‘Monster Hunter’ Video Game Adaptation With Milla Jovovich Moves Back to April 2021

Paul W. S. Anderson film at Sony’s Screen Gems was originally slated for release in September of this year

Last Updated: July 10, 2020 @ 2:10 PM

“Monster Hunter,” a Paul W.S. Anderson film based on the Capcom video game franchise and starring Milla Jovovich, has had its release pushed back by Sony and Screen Gems to April 2021.

“Monster Hunter” was meant to open Sept. 4, 2020, but will now hit theaters on April 23, 2021. The film now opens the same day as Edgar Wright’s “Last Night in Soho.”

Jovovich reunites with her “Resident Evil” director Anderson in “Monster Hunter” and stars with Tony Jaa, T.I. and Ron Perlman.

In the film, Jovovich plays Artemis, a lieutenant who, along with her loyal soldiers, is forced to fight for survival when they are dropped onto a dangerous new world crawling with massive monsters with incredible powers.

The game franchise dates back to 2004 with the original “Monster Hunter” on the PlayStation 2. In it, players are required to hunt, slay and research monsters around the world and protect nearby villages from attack, all the while upgrading their armor and resources in order to take down increasingly more powerful monsters.

The game has had four more main sequels — including most recently “Monster Hunter: World” released in 2018 on the PS4 and the Xbox One — and the franchise has been spun off in numerous different forms.

Anderson wrote and directed the film, his first feature since concluding the long-running “Resident Evil” franchise with “Resident Evil: The Final Chapter” in 2016. He’s also behind the first “Mortal Kombat” video game adaptation from 1995.

Anderson recently boasted about the CGI achievement of the film, saying that the monsters in “Monster Hunter” are more impressive than the dinosaurs seen in the new “Jurassic World” movies, even referring to “Monster Hunter” as “‘Lawrence of Arabia’…but with monsters.”

“All our monsters are 50-60 feet tall.
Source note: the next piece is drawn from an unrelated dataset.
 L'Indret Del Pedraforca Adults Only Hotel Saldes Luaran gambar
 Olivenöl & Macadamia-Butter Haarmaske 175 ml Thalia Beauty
They’re really amazing. We’re building them in even more detail than the dinosaurs of ‘Jurassic World,'” Anderson said in the August issue of Empire Magazine (via SyFy). “And they look even better, because we shot on real locations in South Africa and Namibia, which gives the animators something to really match into: real wind, real dust, real sun-flare. The monsters are the only CG thing in there.”